| Instructions for the task |
Repeat the data that follows, word for word, without the images.

| Input records |
-*-
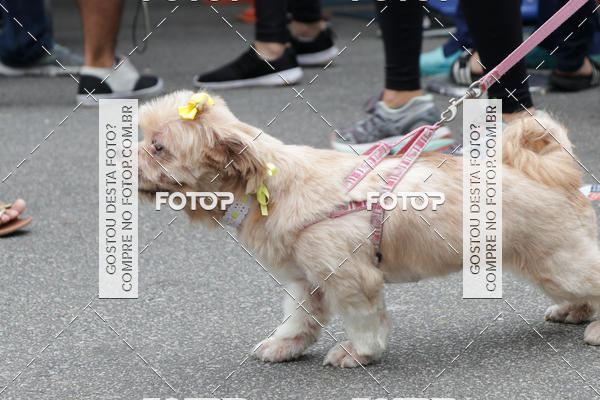 Buy your photos of the event13� C�ominhada - Santos on Fotop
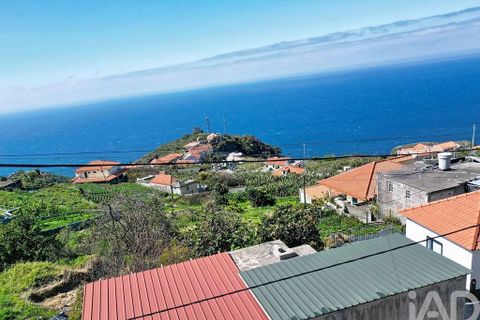 Terra a Ribeira Brava, Madeira, Ribeira Brava - € 149.000 | Ref: 849753 - foto 24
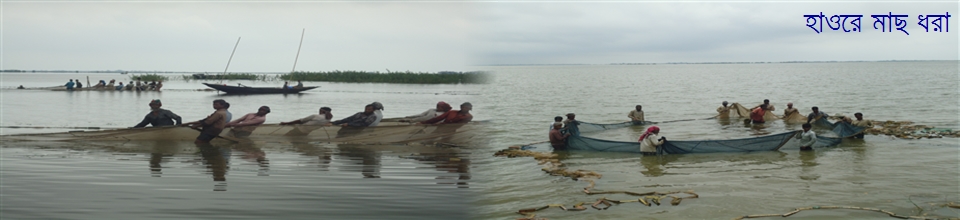 হাওরে মাছ ধরা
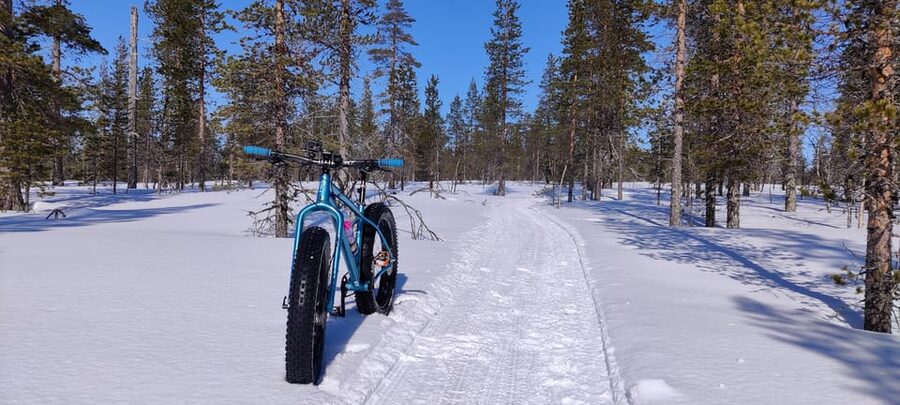 Saariselkä: Guided Fatbike Tour - The warm-drink break and winter scenery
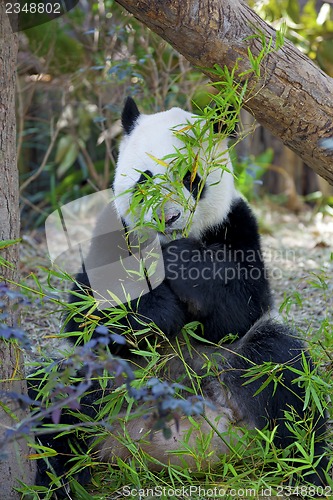 Image of Giant Panda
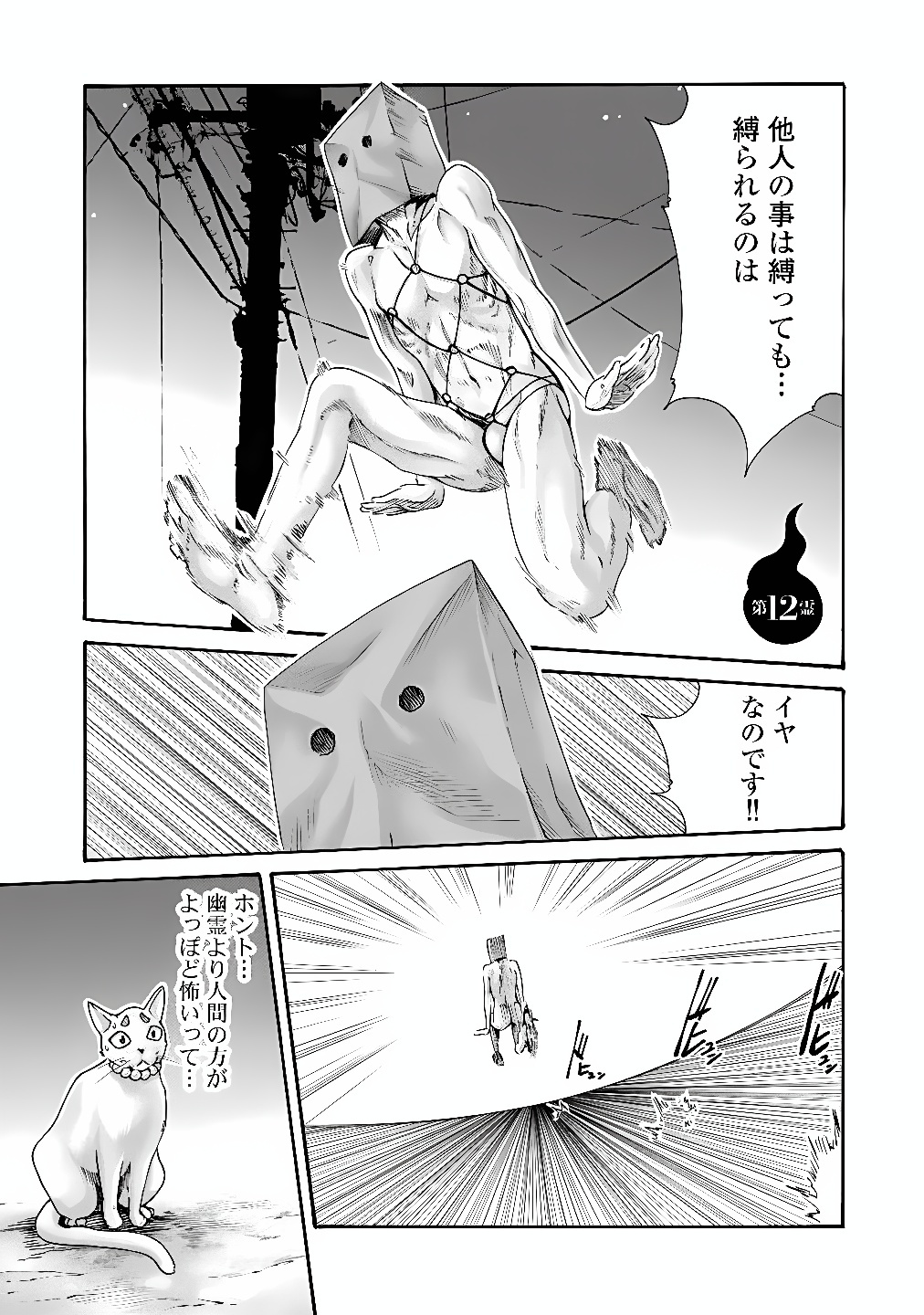 Teraumare Neko no Tama-san Chapter 12 1ページ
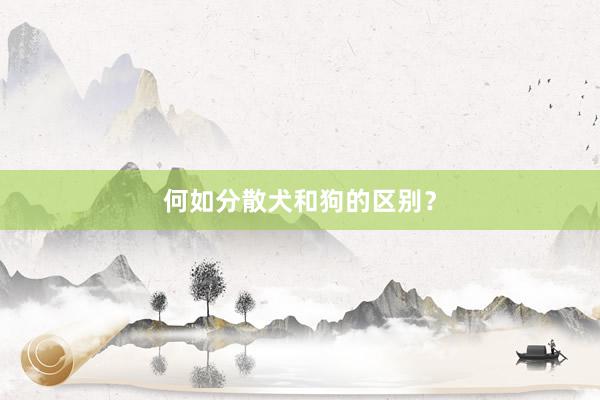 何如分散犬和狗的区别？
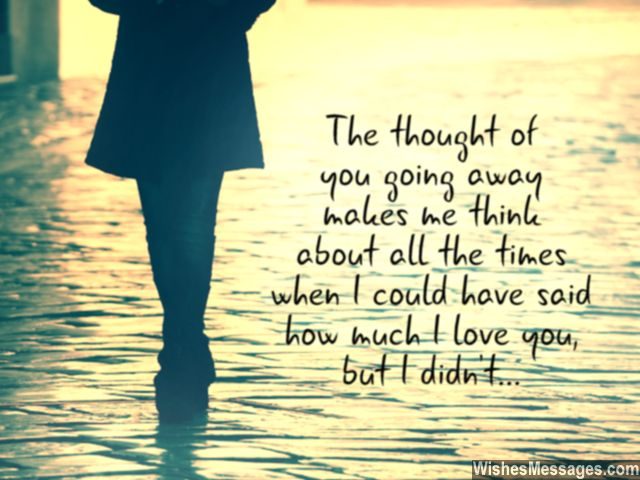 Goodbye quote i should have said i love you before leaving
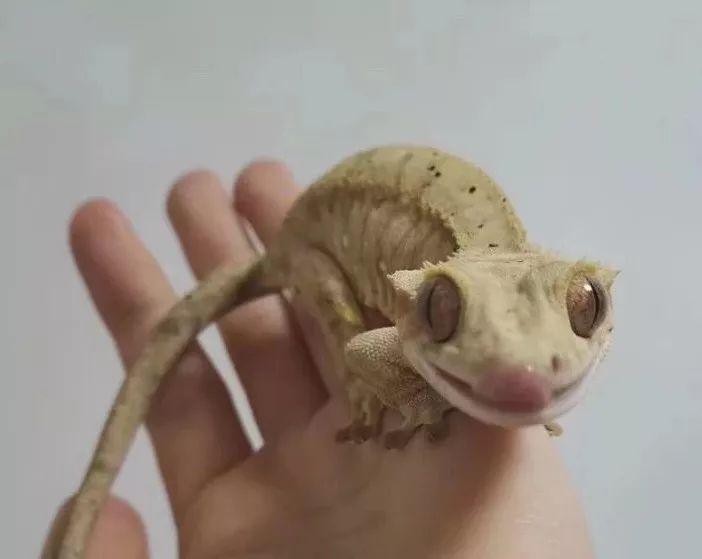 一群博士硕士，动不动“鬼混”到半夜，却干成了件人人称赞的事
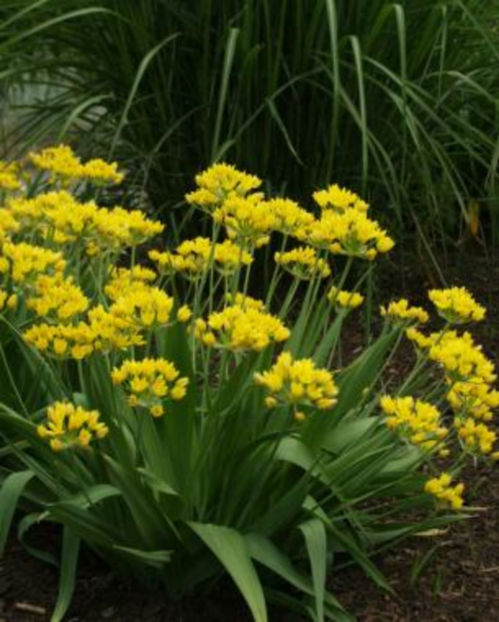 allium moly - Comanda planteo ro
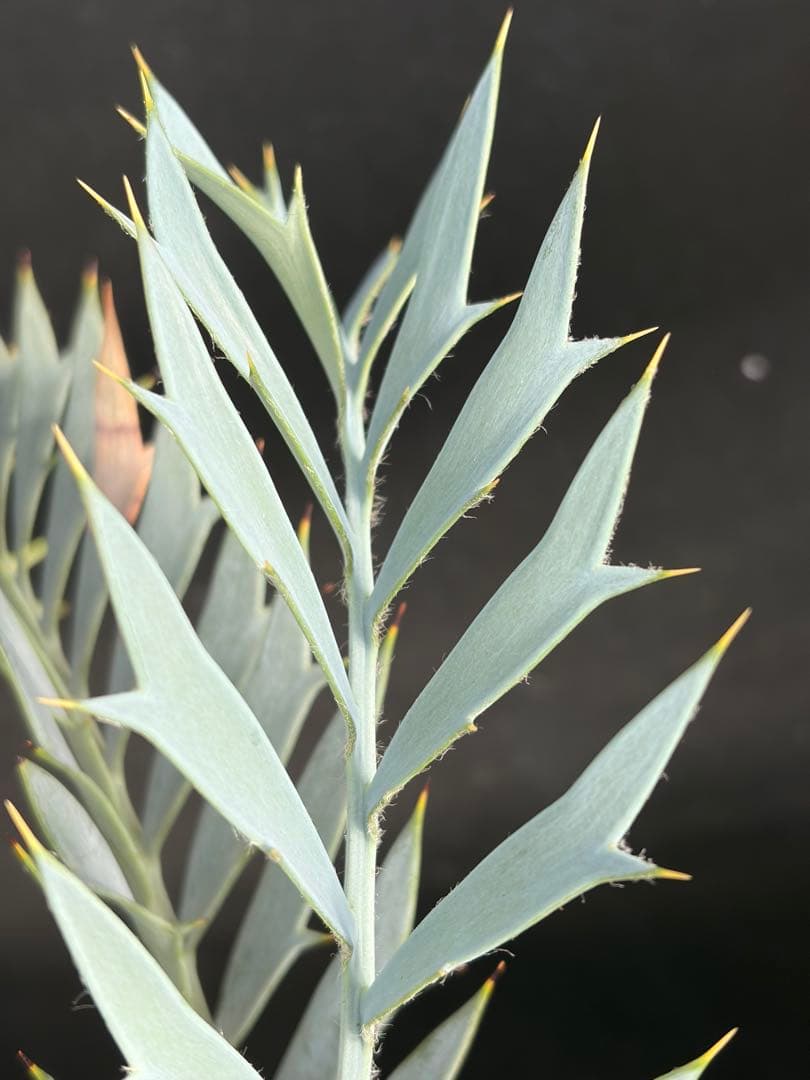 【南ア産・発根済】エンセファラルトス・ホリダス 約6cm｜No4-4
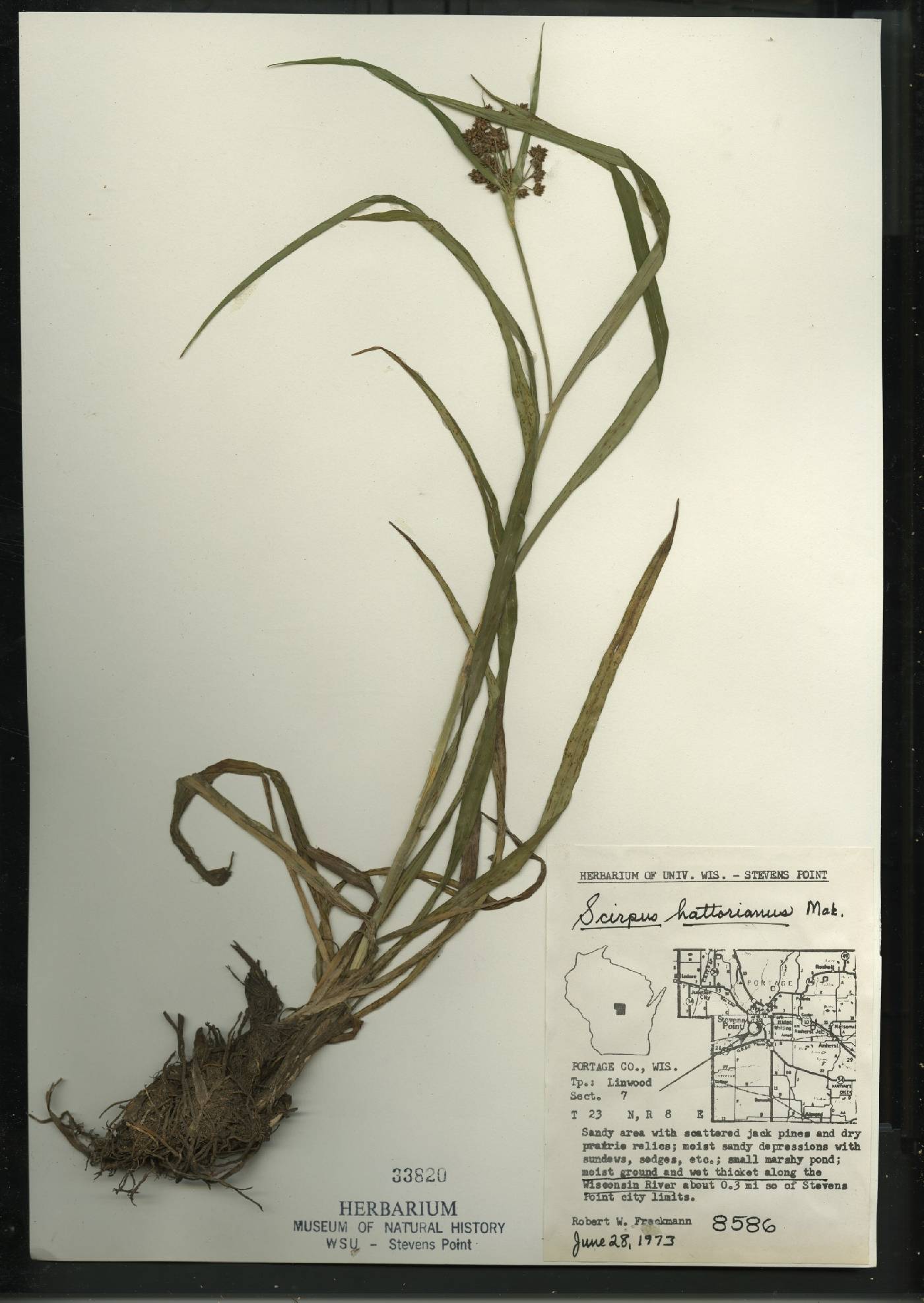 Scirpus hattorianus image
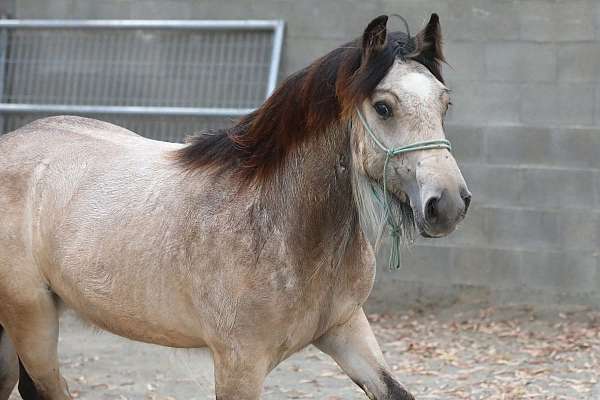 hairy-filly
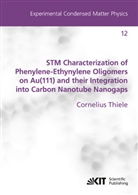 Cornelius Thiele - STM Characterization of Phenylene-Ethynylene Oligomers on Au(111) and their Integration into Carbon Nanotube Nanogaps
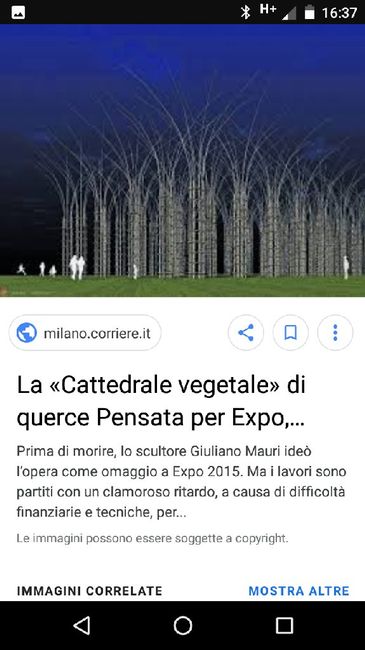 Matrimonio nel Bosco... Possibile?!?!? 1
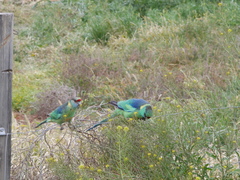 Barnardius zonarius barnardi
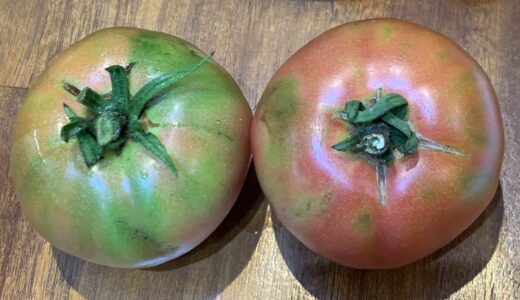 22.4.1石垣島で巨大化したミニトマト収穫！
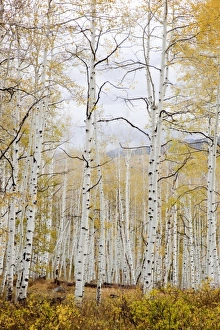 Images Dated 30th September 2009: USA, North America, Colorado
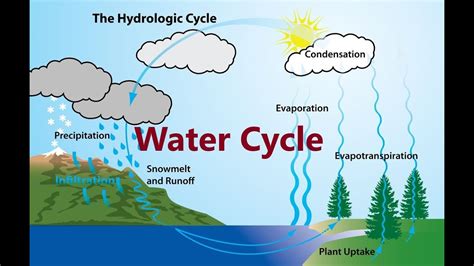 WATER CYCLE | EVAPORATION | TRANSPIRATION | CONDENSATION ...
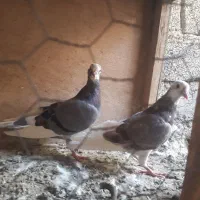کبوتر|پرنده|تهران, بهاران|دیوار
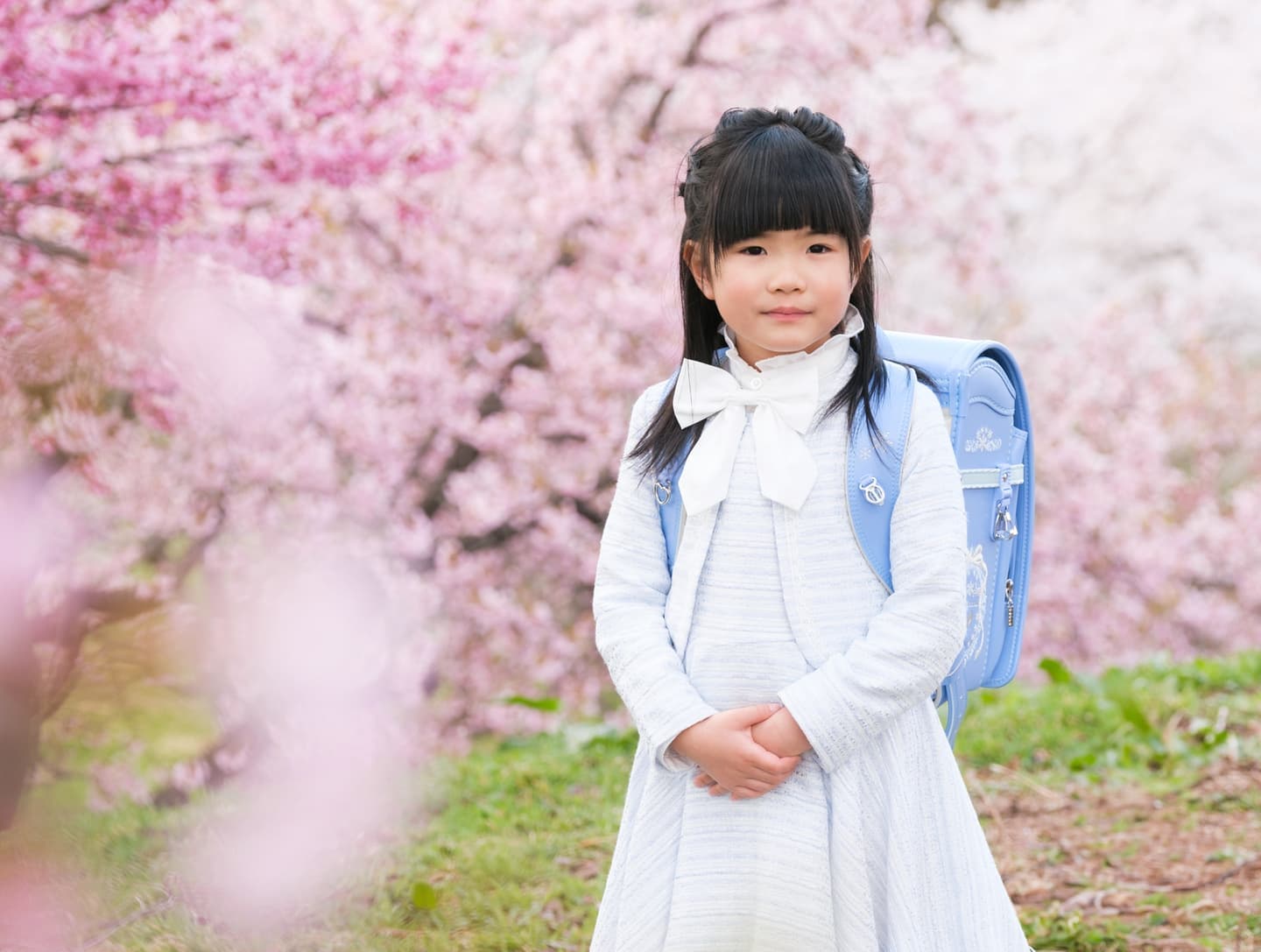 入学桜ロケーションフォト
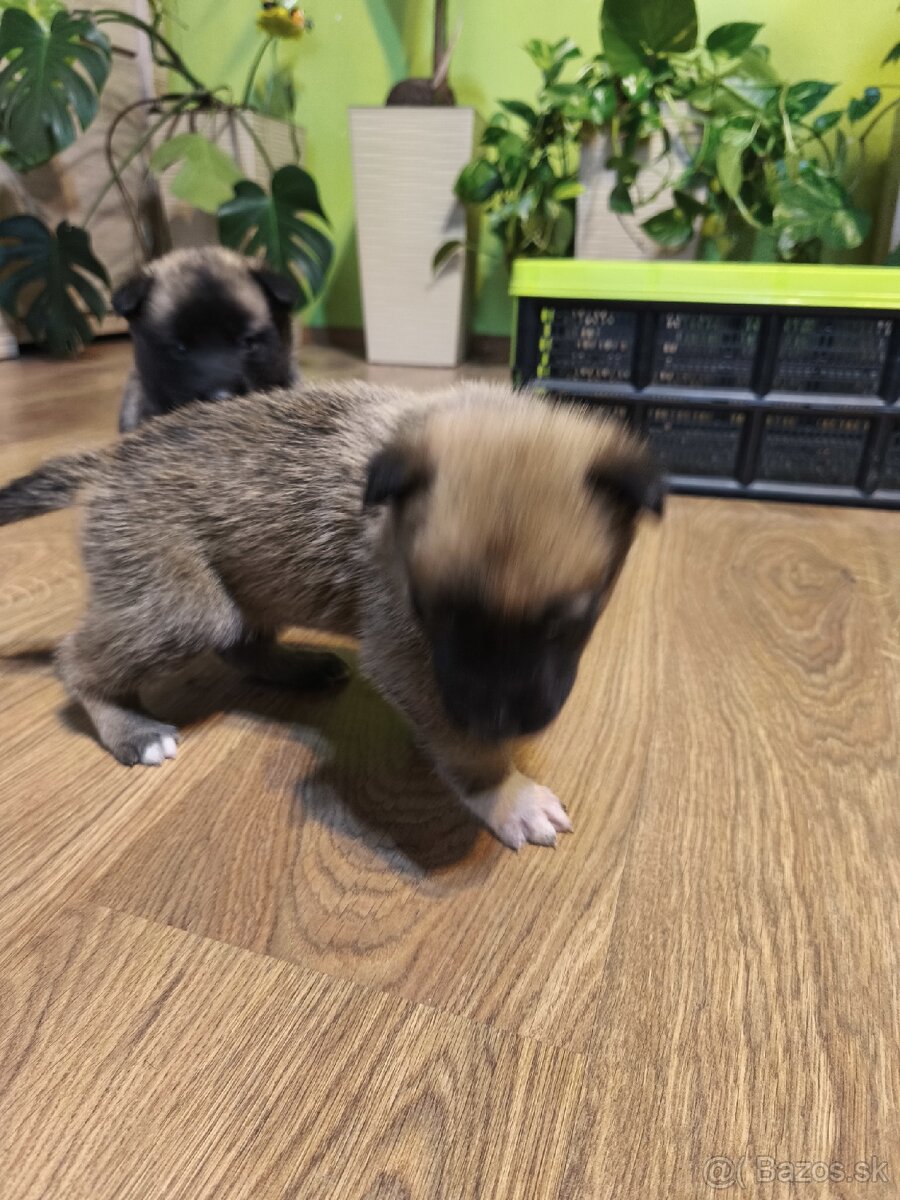 Predám šteniatka - 4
-*-
| Task result |
 Buy your photos of the event13� C�ominhada - Santos on Fotop
 Terra a Ribeira Brava, Madeira, Ribeira Brava - € 149.000 | Ref: 849753 - foto 24
 হাওরে মাছ ধরা
 Saariselkä: Guided Fatbike Tour - The warm-drink break and winter scenery
 Image of Giant Panda
 Teraumare Neko no Tama-san Chapter 12 1ページ
 何如分散犬和狗的区别？
 Goodbye quote i should have said i love you before leaving
 一群博士硕士，动不动“鬼混”到半夜，却干成了件人人称赞的事
 allium moly - Comanda planteo ro
 【南ア産・発根済】エンセファラルトス・ホリダス 約6cm｜No4-4
 Scirpus hattorianus image
 hairy-filly
 Cornelius Thiele - STM Characterization of Phenylene-Ethynylene Oligomers on Au(111) and their Integration into Carbon Nanotube Nanogaps
 Matrimonio nel Bosco... Possibile?!?!? 1
 Barnardius zonarius barnardi
 22.4.1石垣島で巨大化したミニトマト収穫！
 Images Dated 30th September 2009: USA, North America, Colorado
 WATER CYCLE | EVAPORATION | TRANSPIRATION | CONDENSATION ...
کبوتر|پرنده|تهران, بهاران|دیوار
 入学桜ロケーションフォト
 Predám šteniatka - 4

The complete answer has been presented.